Is this just the way it is when you're in a relationship? Or is this normal for the beginning of a relationship? How do I bring this up or stop feeling so selfish for wanting Fiance to get out of the house on a regular basis?
Anonymous
When you tell your fiance that you'd like some downtime at home, what does he say? Seriously, if he's so great, he should be able to listen to your needs and come up with a way to give you a few minutes to transition when you walk in the door and some time to relax with your kid on the weekends, while still having some time with the two of you and all three of you together. It's totally normal to want some time to yourself--I'm hugely introverted and need some alone time to recharge my batteries. Talk to your fiance and see what the two of you can come up with.
Anonymous
I think it's selfish to ask your fiance to leave the house.

It's reasonable to say something along the lines of, "You know, I'd like to just sit by myself for a while." It can either be right after you get home, after dinner, or maybe even after he goes to bed (and you've spent time together of course.)

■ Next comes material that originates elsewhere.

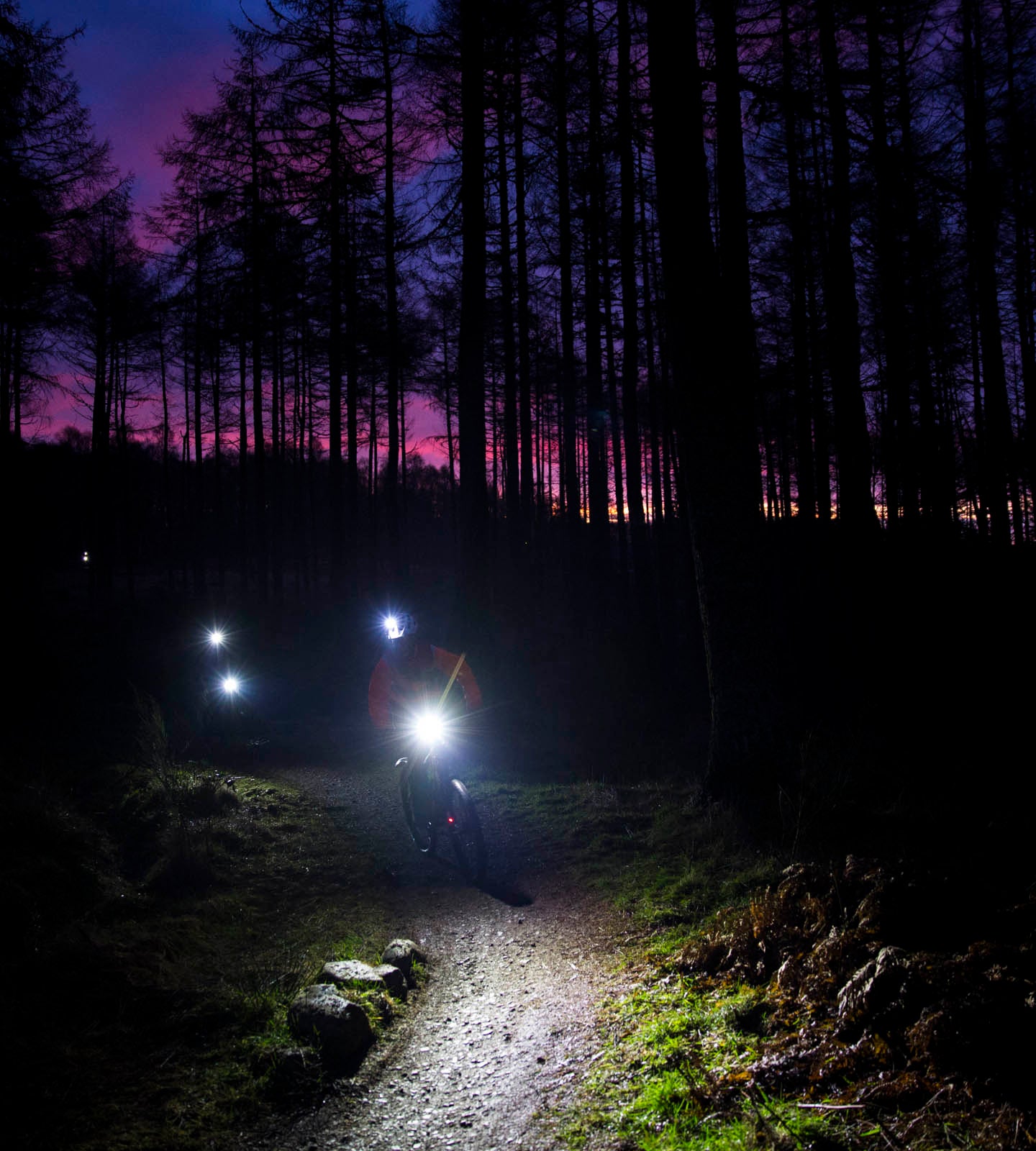 How to Choose Bike Lights for Night Riding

If you want to read, etc., would sitting at a Starbucks or similar space near your house for 30-60 minutes be an option?
ThatSmileyFaceGuy
Member Offline
I usually get home and spend 10 minutes in the bathroom
Anonymous
We both usually get down time separately and together. Separately doesn't necessarily mean one has to leave the house, but sometimes DH will take DS up to his office to play while I relax downstairs and watch TV or go out.

Together - we have a date night at least once a month and spend a lot of evenings together after DS goes to bed

Alone time with DS - I am currently working part-time so I have a lot of alone time with DS. DH usually takes him for a walk after work or will take him to an activity on the weekend, or as previously mentioned, just up to hsi office to play.